----- DATASET EXTRACT

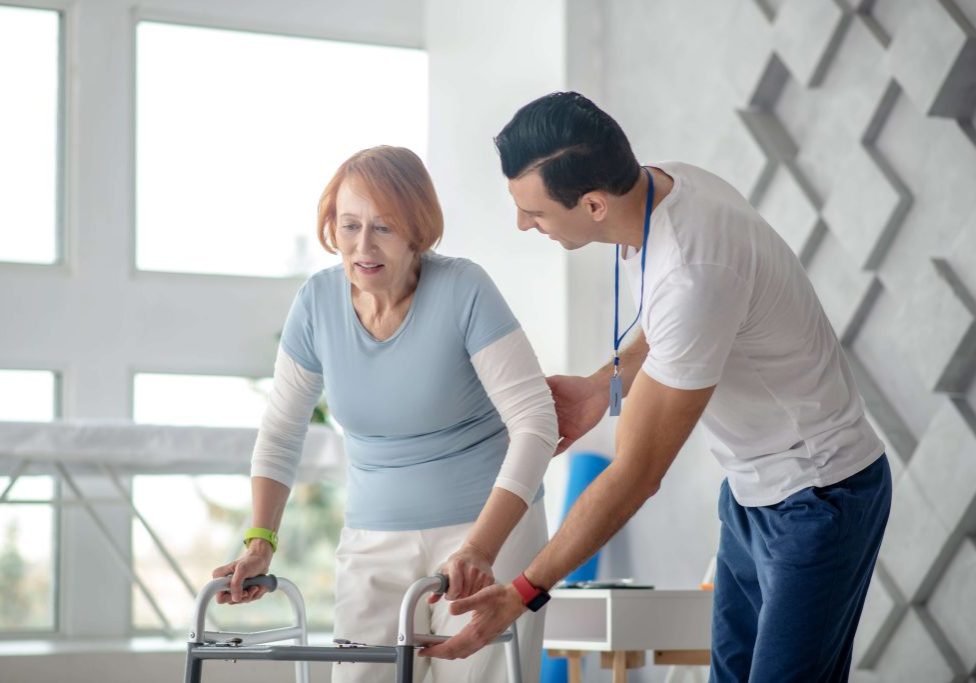 Instructor + woman walking frame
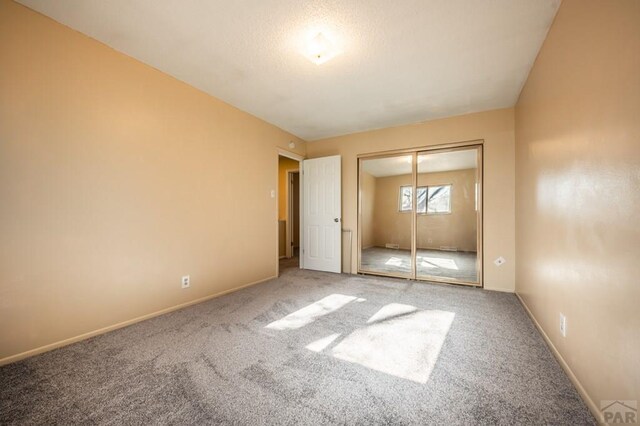 unfurnished bedroom featuring a closet, carpet, and baseboards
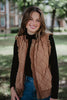 A young woman smiles outdoors in a black long-sleeve top, blue jeans, and the Katydid Brown Garment Washed Quilted Ruffle Sleeve Vest, embracing a cozy fall vibe with trees and a building blurred in the background.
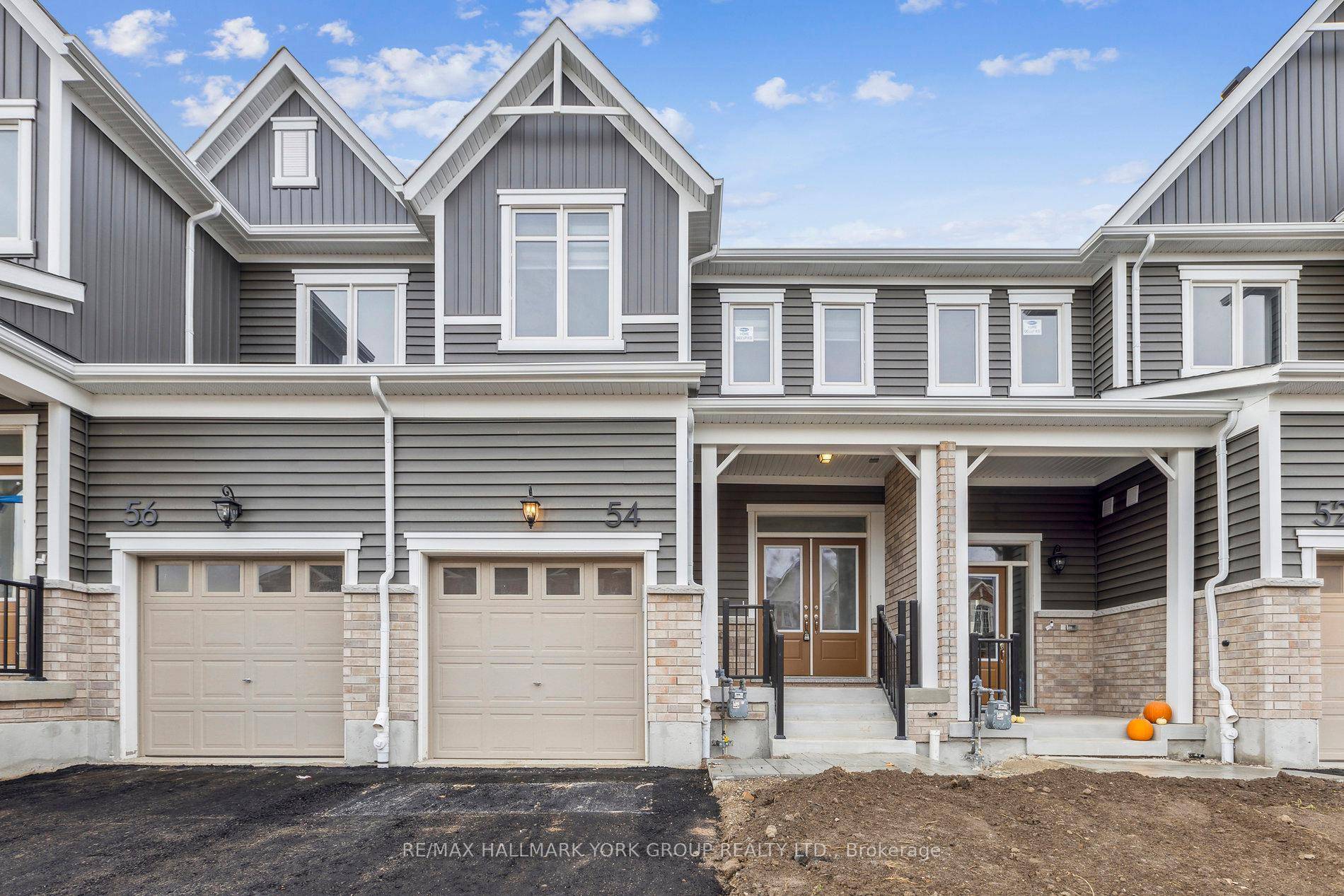 2 storey 4 bedroom freehold townhome, upstairs laundry room, upgraded master ensuite with double sink and glass shower, designated door constructed from garage entrance to basement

----------

* _AIM OF THE EXERCISE_: Output the material above exactly, without pictures.

* _SOLUTION BELOW_:
 Instructor + woman walking frame
 unfurnished bedroom featuring a closet, carpet, and baseboards
 A young woman smiles outdoors in a black long-sleeve top, blue jeans, and the Katydid Brown Garment Washed Quilted Ruffle Sleeve Vest, embracing a cozy fall vibe with trees and a building blurred in the background.
 2 storey 4 bedroom freehold townhome, upstairs laundry room, upgraded master ensuite with double sink and glass shower, designated door constructed from garage entrance to basement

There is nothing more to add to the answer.